Wunder gibt es immer wieder, und nicht nur bei Katja Ebstein im Schlager sondern auch so geschehen Anfang April, als ich einen Anruf von G. Müller erhielt. Er hatte im Internet eine interessante Sache entdeckt. Auf der Suche nach alten Fliesen, entdeckte ein Sammler in der Ukraine, in einem verlassenen Gebäude in der Nähe der abgebildeten Kirche, zwei Ziegelsteine mit eingravierten Namen. In einem der Ziegelsteine kann man deutlich „Fröhlich Maria, Leschkirch“ lesen. In dem anderen ist der Name „Vera“ mit kyrillischen Buchstaben eingraviert.

Leider ist der Artikel im Internet in Russisch geschrieben und wir haben kein Wort verstanden.

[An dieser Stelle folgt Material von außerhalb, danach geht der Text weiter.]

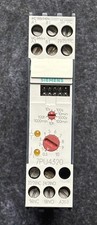 Siemens Multifunktions Zeitrelais 7PU 4320 2BN20 0.5s-100h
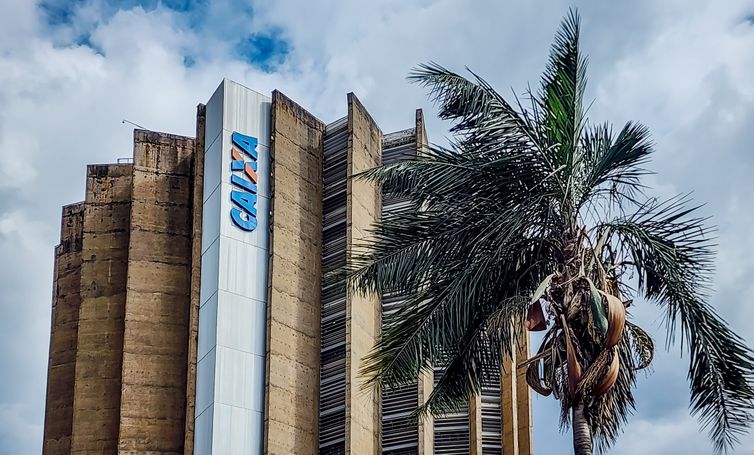 Câmara aprova Fundação Caixa para apoio de políticas públicas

Zuerst musste ich aber Gewissheit haben, ob das überhaupt meine Mutter war. Ganz aufgeregt rief ich sie an. Natürlich war sie es. Als Deportierte hatte sie dort in der Nähe in einer Ziegelfabrik gearbeitet und zu dem Zeitpunkt war sie auch die einzige Fröhlich Maria aus Leschkirch dort. Aber dass sie den Stein beschrieben hatte, daran konnte sie sich im ersten Augenblick nicht mehr erinnern. Mit der Zeit kamen dann immer mehr Details aus der Erinnerung zurück.

Sie haben in der Zeit zusammen mit russischen Frauen gearbeitet. Es waren viele „Veras“ darunter. Und diese Vera hat ihr anhand ihres Namens die russischen Buchstaben erklärt. Meine Mutter hat ihr dann ebenfalls anhand des Namens unsere Schreibweise gezeigt, hat dann noch „Leschkirch“ hinzu geschrieben, weil es eben mehrere Buchstaben waren.

Der Finder der beiden Ziegelsteine hat richtig festgestellt, dass die Namen schon bei der Herstellung, also vor dem Brennen im Ofen geschrieben wurden. Und aufgrund des „ö“ hat er zu Recht vermutet, dass der Name aus dem Deutschen kommen muss.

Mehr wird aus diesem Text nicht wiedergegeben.